Lorsque nous servons D.ieu avec notre être spirituel, nous sommes en fait en relation avec des manifestations de divinité plutôt qu’avec D.ieu Lui-même. Cette « lumière divine » sera toujours une dimension tout à fait « spirituelle » (c’est-à-dire intangible) de Sa réalité, car notre perception de D.ieu est celle d’un être d’absolue abstraction, d’infini, d’omniprésent et d’omnipotent. Un être devant lequel tout se soumet et tout s’annule, devant lequel tout vestige de conscience de soi est en contradiction avec la vérité qu’« il n’est rien d’autre que Lui ». En effet, Le percevoir autrement serait une grossière définition de Son être indéfinissable.
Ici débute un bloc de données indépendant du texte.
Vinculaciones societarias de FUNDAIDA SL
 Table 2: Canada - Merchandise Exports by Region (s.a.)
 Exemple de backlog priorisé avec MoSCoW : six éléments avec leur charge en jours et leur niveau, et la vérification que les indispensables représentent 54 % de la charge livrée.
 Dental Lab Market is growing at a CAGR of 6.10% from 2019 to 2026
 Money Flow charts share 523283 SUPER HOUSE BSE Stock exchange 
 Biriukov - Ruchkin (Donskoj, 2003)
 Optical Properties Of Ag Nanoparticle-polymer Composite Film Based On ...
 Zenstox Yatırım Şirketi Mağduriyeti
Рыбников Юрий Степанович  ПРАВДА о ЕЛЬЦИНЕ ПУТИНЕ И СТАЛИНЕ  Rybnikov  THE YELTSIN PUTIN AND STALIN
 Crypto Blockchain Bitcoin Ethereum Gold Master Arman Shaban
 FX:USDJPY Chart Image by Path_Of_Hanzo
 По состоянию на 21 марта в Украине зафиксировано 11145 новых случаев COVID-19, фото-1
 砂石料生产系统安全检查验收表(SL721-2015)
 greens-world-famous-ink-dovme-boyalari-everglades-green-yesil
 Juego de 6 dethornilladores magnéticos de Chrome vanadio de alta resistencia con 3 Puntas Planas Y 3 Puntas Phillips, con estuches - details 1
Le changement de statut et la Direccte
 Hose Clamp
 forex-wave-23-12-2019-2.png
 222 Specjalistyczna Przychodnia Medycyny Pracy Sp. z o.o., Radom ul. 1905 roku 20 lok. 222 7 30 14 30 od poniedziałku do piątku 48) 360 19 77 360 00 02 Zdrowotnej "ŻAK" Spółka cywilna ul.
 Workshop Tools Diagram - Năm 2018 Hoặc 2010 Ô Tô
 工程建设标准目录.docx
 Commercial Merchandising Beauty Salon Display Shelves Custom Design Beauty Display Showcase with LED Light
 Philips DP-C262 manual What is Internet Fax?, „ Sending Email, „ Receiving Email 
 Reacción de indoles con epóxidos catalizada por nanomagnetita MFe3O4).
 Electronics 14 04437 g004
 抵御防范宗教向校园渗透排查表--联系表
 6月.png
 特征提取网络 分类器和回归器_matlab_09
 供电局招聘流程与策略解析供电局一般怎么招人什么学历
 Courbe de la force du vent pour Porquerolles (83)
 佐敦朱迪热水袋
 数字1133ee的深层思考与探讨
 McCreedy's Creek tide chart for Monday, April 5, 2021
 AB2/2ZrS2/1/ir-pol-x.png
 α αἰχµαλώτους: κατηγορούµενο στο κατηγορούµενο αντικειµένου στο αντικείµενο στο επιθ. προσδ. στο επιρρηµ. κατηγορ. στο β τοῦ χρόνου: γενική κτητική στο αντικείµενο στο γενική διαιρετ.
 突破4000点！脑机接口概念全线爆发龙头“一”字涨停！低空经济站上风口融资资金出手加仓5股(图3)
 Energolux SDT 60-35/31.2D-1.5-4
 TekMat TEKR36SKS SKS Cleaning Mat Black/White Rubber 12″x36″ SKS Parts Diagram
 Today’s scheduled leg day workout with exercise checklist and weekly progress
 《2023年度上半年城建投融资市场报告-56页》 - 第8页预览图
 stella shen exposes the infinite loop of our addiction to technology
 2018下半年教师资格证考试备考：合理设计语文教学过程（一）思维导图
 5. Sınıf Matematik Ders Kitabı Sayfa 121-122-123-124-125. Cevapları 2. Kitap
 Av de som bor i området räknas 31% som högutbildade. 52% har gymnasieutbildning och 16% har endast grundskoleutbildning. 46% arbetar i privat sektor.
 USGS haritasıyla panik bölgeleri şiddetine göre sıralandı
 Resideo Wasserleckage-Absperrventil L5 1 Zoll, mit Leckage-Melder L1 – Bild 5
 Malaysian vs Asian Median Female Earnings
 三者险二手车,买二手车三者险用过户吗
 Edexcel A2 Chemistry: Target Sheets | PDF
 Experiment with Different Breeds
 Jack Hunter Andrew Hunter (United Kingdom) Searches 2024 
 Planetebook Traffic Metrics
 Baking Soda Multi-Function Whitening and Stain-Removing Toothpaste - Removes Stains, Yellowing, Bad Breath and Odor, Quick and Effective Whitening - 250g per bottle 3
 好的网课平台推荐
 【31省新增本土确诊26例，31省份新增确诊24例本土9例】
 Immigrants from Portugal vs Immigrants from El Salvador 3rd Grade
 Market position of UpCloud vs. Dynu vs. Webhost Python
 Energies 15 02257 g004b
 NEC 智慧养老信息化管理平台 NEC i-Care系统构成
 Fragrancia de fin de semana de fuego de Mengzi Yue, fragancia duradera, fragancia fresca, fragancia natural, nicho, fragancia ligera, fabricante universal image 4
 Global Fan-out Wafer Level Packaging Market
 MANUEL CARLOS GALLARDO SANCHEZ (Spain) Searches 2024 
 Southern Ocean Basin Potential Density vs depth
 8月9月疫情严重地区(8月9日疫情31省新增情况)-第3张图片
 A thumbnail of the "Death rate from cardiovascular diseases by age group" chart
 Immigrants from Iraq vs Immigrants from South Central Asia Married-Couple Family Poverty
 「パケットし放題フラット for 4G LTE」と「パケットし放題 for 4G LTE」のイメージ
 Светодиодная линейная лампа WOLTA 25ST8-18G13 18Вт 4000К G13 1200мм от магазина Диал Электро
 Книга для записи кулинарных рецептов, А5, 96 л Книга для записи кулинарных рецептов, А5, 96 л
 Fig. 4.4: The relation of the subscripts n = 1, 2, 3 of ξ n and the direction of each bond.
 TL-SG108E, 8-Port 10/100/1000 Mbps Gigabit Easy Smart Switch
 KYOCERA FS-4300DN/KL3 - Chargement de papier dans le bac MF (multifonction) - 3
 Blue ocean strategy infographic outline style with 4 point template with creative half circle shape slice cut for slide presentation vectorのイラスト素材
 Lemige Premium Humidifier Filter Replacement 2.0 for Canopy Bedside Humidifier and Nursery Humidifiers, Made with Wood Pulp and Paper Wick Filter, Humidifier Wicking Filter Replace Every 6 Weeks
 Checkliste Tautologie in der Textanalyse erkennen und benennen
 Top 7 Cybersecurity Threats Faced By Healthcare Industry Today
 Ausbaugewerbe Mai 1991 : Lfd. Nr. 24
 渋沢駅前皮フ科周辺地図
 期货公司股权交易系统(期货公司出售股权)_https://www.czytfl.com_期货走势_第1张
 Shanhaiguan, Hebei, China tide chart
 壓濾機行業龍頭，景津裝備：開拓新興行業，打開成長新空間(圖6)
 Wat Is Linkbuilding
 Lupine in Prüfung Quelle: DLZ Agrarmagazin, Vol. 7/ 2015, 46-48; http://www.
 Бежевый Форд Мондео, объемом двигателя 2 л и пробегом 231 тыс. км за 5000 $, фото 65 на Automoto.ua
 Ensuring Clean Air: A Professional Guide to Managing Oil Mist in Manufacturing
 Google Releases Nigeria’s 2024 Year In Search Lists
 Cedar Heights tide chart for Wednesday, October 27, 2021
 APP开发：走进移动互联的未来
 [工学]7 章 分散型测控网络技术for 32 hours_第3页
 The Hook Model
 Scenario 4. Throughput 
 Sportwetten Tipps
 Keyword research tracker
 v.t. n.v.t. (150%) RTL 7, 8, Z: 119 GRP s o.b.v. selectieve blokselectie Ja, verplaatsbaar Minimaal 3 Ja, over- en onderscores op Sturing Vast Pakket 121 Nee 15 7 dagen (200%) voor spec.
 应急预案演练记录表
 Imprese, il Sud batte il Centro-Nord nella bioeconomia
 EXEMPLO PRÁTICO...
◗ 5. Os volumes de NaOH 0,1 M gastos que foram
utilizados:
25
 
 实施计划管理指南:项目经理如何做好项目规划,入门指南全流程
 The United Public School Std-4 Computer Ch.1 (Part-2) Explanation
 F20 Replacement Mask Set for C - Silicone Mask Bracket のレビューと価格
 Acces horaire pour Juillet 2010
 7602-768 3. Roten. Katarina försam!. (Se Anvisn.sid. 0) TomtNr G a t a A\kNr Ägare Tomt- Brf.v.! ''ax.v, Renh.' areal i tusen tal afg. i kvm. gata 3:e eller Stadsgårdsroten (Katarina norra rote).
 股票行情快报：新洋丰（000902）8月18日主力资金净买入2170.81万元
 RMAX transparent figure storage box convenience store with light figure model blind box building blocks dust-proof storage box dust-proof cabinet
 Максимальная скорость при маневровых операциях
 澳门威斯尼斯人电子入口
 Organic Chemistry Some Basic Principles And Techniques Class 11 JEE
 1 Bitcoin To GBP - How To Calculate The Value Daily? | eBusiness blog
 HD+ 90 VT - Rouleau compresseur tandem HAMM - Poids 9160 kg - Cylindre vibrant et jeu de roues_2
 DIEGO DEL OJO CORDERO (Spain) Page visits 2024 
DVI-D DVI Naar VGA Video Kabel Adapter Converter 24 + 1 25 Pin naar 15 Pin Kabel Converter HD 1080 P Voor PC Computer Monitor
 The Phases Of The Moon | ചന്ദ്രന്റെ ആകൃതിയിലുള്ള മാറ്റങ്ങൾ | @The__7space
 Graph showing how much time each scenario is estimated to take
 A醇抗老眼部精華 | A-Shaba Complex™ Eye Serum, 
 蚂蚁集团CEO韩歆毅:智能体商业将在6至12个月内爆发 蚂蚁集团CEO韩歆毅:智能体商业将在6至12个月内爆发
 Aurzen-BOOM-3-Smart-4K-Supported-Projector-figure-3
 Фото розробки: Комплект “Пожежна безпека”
Mais cela est-il D.ieu Lui-même ? Évidemment que non, dès lors que nous le « percevons » ou le « ressentons ».
Mais lorsque nous servons D.ieu avec notre être physique, nous sommes en relation avec plus qu’une manifestation spirituelle de Sa vérité. Nous sommes en contact avec l’essence et la substance mêmes de D.ieu – au « corps » de Sa réalité plutôt qu’à l’âme de celle-ci. Car d’où tirons-nous notre « moi », notre sens de l’individualité et de notre caractère distinctif ? D’où l’existence physique tire-t-elle son immanence brute, son inflexible concrétude ? Au bout du compte, D.ieu est la source suprême de tout ce qui est. Et à cet égard, le monde du corps est supérieur au monde de l’esprit : le « je suis » péremptoire que dégage le physique est le reflet de l’incontestabilité de l’être de D.ieu. Lorsque nous servons D.ieu avec notre corps et notre identité corporelle, nous exprimons ce en quoi consistent réellement notre physique et notre ego : l’essence de D.ieu inaccessible à l’expérience humaine.
Et c’est dans cette rencontre aveugle des corps que réside le plaisir le plus profond de la relation. L’« esprit » de D.ieu peut être dans la Torah, Son « cœur » peut être dans les accents nostalgiques de la prière, mais Son « désir » est dans la demeure que nous Lui faisons de notre moi et de notre monde physiques.
Les nuits froides de Tévet
L’histoire de notre relation a connu des temps spirituellement ensoleillés. L’implication de D.ieu dans nos vies était ouvertement perceptible. Le Saint Temple se tenait à Jérusalem, et constituait un phare de Sa présence manifeste parmi nous. Le « soleil » divin brillait de mille feux et nous savourions la chaleur de ses rayons.
Mais le 10 Tévet de l’an 3336 depuis la création (425 avant l’ère commune), nous fûmes plongés dans un hiver dont nous n’avons pas encore émergé. Ce jour-là, les armées de Babylone assiégèrent Jérusalem ; deux ans et demi plus tard, elles percèrent les murs de la ville, incendièrent le Temple et exilèrent le peuple juif. La Galout, l’exil géographique et spirituel d’Israël, avait commencé.
Le soleil est de nouveau sorti pendant encore quatre siècles au temps du Second Temple, mais c’était une révélation divine plus réservée. Certains des signes les plus manifestes d’immanence divine du Temple manquaient. La prophétie avait cessé – le divin Marié ne communiquait plus directement avec Son épouse. Par la suite, cela aussi nous fut retiré.
Depuis lors, nous sommes dehors dans le froid. Mais si l’hiver spirituel de la Galout éclipse le côté perçu et ressenti de notre relation avec D.ieu, c’est un moment de plaisir accru dans son aspect physique : les nuits glaciales de Tévet ne font qu’intensifier le plaisir de nos corps l’un avec l’autre. Si un monde froid et sombre met la lumière de D.ieu en sourdine et émousse nos esprits et nos cœurs, il ne fait qu’accentuer l’élément le plus fondamental et essentiel de notre relation : le lien entre le moi physique de l’homme et l’Être essentiel de D.ieu.